I shoot a W&W currently but there is a reason I keep my Uukha around. Despite my Uukha being 4 years old, it still is way smoother and way more fun to shoot than my brand new W&W that isnt even a year old yet. I think that says a lot.


----------



## Timevoid (Aug 19, 2018)

liquidator4711 said:


> @Timevoid I didn’t want to increase the point weight further - tried to keep overall arrow weight down (if it would have been a competition setup I would have Mylar vanes instead though). Most of my competitors use a heavier draw weight (in some instances very significantly so), so I try to adapt by having lighter arrows to get a reasonably flat trajectory (for unmarked distances) - for target I’d happily use the nano pro extremes with 100/110gn points... I’ve found that less than 90gn is a bit finicky though...
> 
> I am currently shooting the Wiawis setup (until the new Uuukhas arrive in 6-8 weeks...) with approximately 37# OTF with the limb bolts screwed fully down.
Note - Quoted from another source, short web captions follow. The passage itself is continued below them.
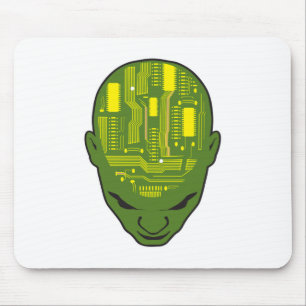 Mousepad conselho de circuito cabeça amarela e verde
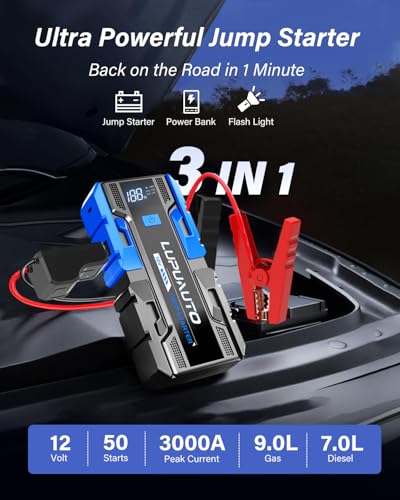 3000A Jump Starter 12V Battery Charger Jump Pack for 9L Gas & 7L Diese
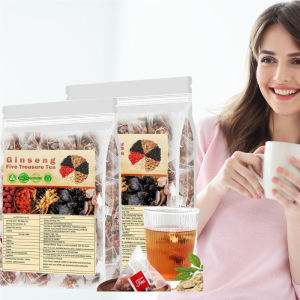 Ginseng Five Treasure Tea-Intentionalk Kidney Tea Formula Ginseng SIX Treasure Tea Ginseng Tea Kidney Cleansing Tea Wubao Tea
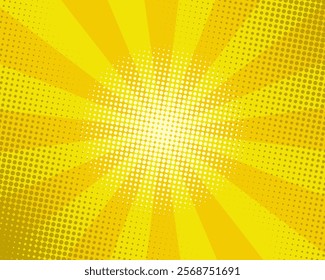 comic or pop art abstract yellow-orange background vector illustration with halftone dots pattern and rays of light.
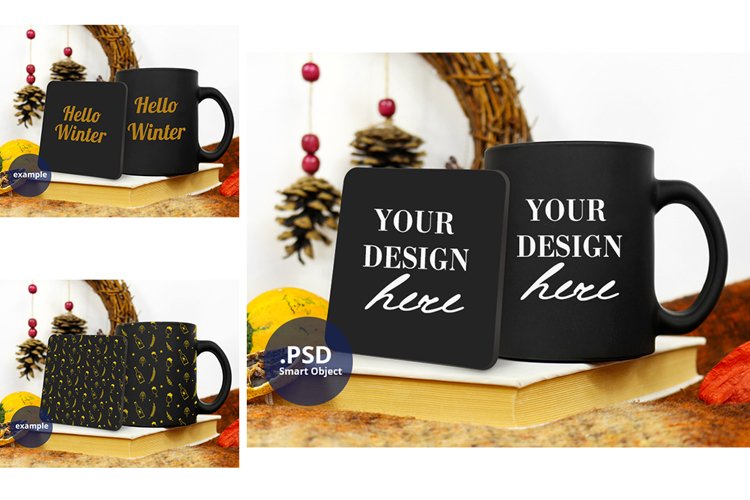 Winter Black mug   coaster mockup, coaster   mug mockup PSD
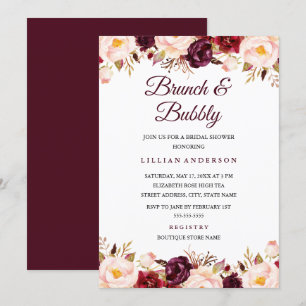Marsala Floral Brunch und Bubbly Brautjungfernabsc Einladung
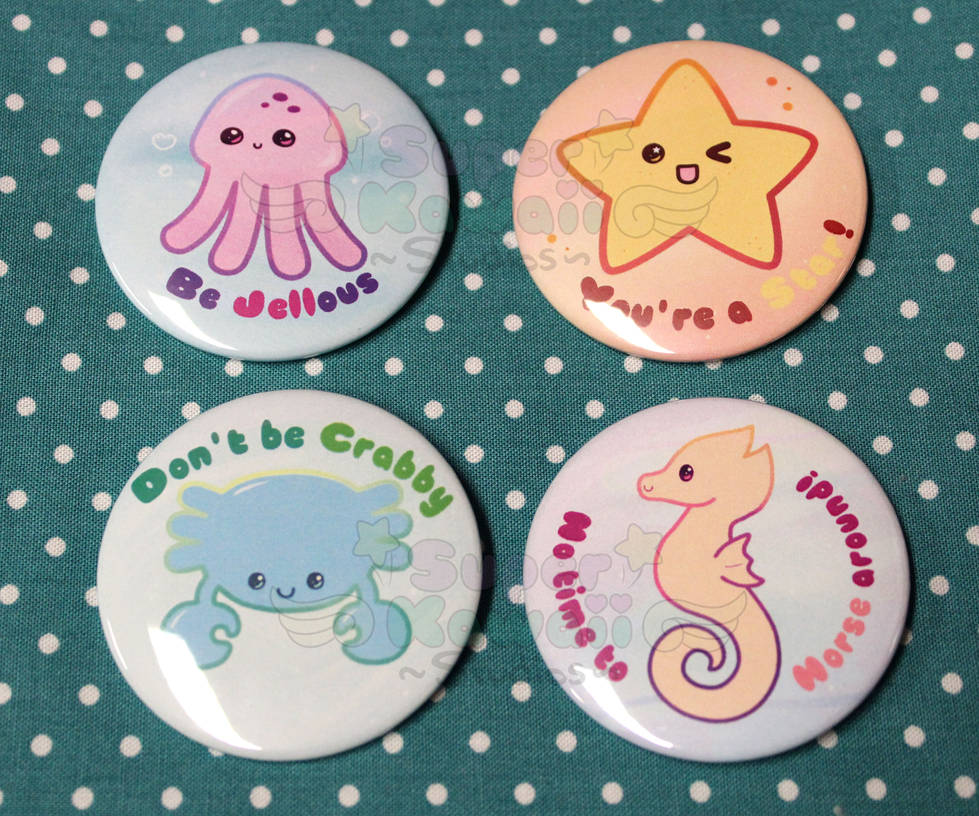 Button Creatures Motivational Sea Creatures Button Pack by SuperKawaiiStudios on DeviantArt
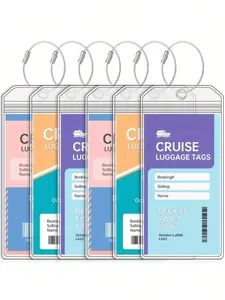Essential Cruise Luggage Tag Set, Transparent Cruise Bag Tags for All Cruise Lines, Travel Must-Have for Backpacks, Suitcases, and More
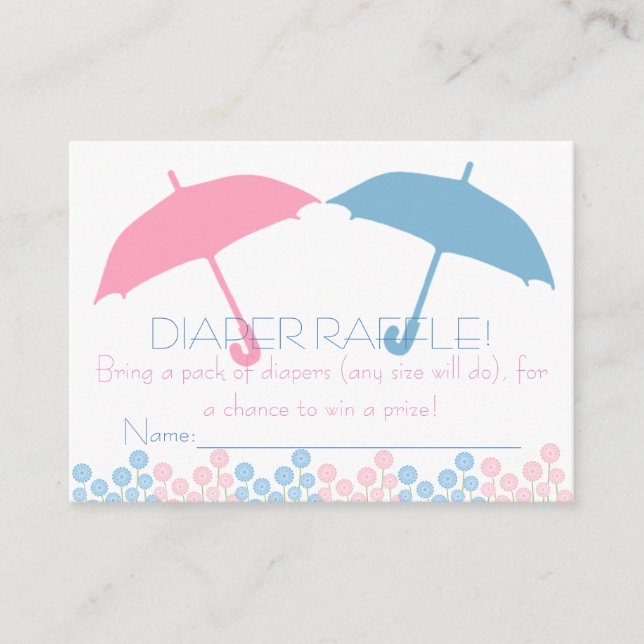 Twins Baby Shower Umbrella Diaper Raffle Tickets Enclosure Card (Front)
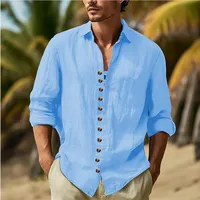 Men's Cotton Casual Button - Down Shirt Long Sleeve Solid Color Point Collar Spring/Fall Hawaiian Resort Wear main image 5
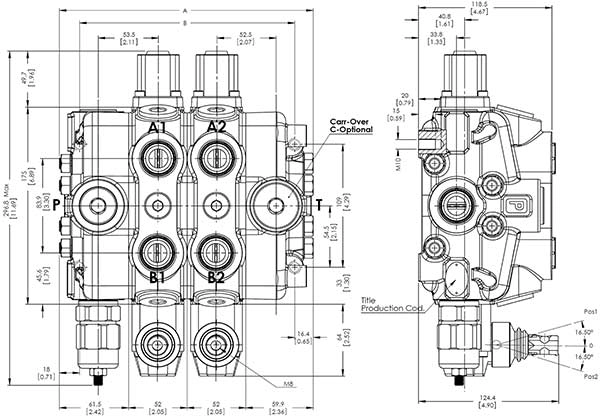 اطلاعات ابعادی شیر دستی قابل کوپل اوروال ORV-PD250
I expect the 40# Uukha with the limb bolts halfway out (or fully out worst case) to end up with the same approximate 37# OTF, I just buy myself some room to move further upwards in the future as I can still cut 1cm of shaft... I am working on strength to be able to consider that for next outdoor season though (doing SPT every other day at 47#). I recently moved up 2#, so I definitely don’t want more OTF until I’ve built up enough strength to keep shooting reasonable volumes with form intact.


Thanks for reply. Yes agree, i struggle to group 75grain at 50m 800spine. Cant achieve consistency as i do with 120grain at 50m 650spine. But the jump for 36-38lbs to 40+lbs makes a large difference 50+ for the grouping, at least for me.
I do form practice with 44# limbs. I it helps alot to keep a steady form with 38#.


----------